Introduction

Welcome back to Shared Memory Optimization. In the previous lesson, we already used shared memory and included a __syncthreads() call so the kernel would behave correctly. That means this lesson is not about introducing the barrier from scratch. Instead, we will build on it with a more interesting question:

What useful thing can threads do once they can safely share data?

A natural next step is to use shared memory not just for reuse, but also for reordering data cooperatively. In this lesson, we will write a small matrix transpose kernel for a single tile. Each thread will load one matrix element into shared memory, wait at the barrier, and then write out the transposed value by reading from a different shared-memory coordinate.

By the end of the lesson, we will have a complete kernel that uses one shared tile and one __syncthreads() to perform a correct block-local transpose.

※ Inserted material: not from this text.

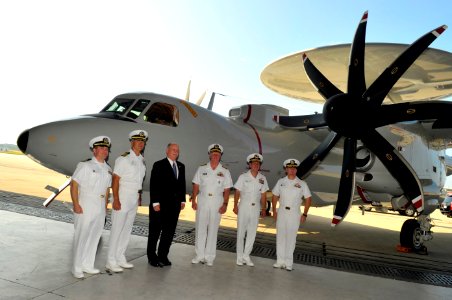 US Navy 100729-N-8273J-093 Chief of Naval Operations (CNO) Adm. Gary Roughead poses for a group photo after the Navy accepts the newest airborne early warning and control aircraft, the E-2D Advanced Hawkeye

Why Threads Still Need A Meeting Point

Even though all threads in a block are launched together, they do not all move in lockstep. CUDA executes threads in groups of 32 called warps, and different warps may advance at different times.

That matters because one thread may try to read from shared memory before another thread has finished writing the value it needs.

For a transpose, the dependency is especially clear:

  • Thread (ty, tx) loads A[ty][tx] into tile[ty][tx]
  • Later, thread (ty, tx) wants to read tile[tx][ty]
  • But tile[tx][ty] was written by thread (tx, ty)

So each thread depends on a partner thread at the transposed coordinate.

Without a meeting point, some threads could read from shared memory before their “partner threads” have finished writing. That’s a classic data race: the read might see an old value or an uninitialized value, depending on timing.

__syncthreads() solves this by acting as:

  1. an execution barrier: no thread proceeds past it until all threads in the block arrive,
  2. a visibility guarantee: shared-memory writes performed before the barrier are visible to threads after the barrier.
Shared Memory as a Staging Area

Shared memory isn’t only useful as a fast scratchpad for reuse. It’s also a shared staging buffer that lets threads rearrange data cooperatively.

A transpose is the simplest example of reordering:

  1. Produce phase: each thread loads one element from global memory into shared memory using normal (row, col) coordinates.
  2. Barrier: the block waits until the shared tile is fully populated.
  3. Consume phase: each thread reads from shared memory using swapped coordinates (col, row) and writes the transposed value back out.

This “produce → sync → consume” pattern is what makes shared memory feel genuinely cooperative: after the barrier, threads are no longer just reading what they personally wrote—they’re reading data written by other threads in the block.

Synchronization Rules

Two rules make __syncthreads() safe and predictable:

  1. Block scope only
    __syncthreads() synchronizes threads within a single block. It does not coordinate different blocks anywhere in the grid.

  2. All threads must reach it
    Every thread in the block must execute the barrier. If some threads skip it while others wait there, the block can deadlock.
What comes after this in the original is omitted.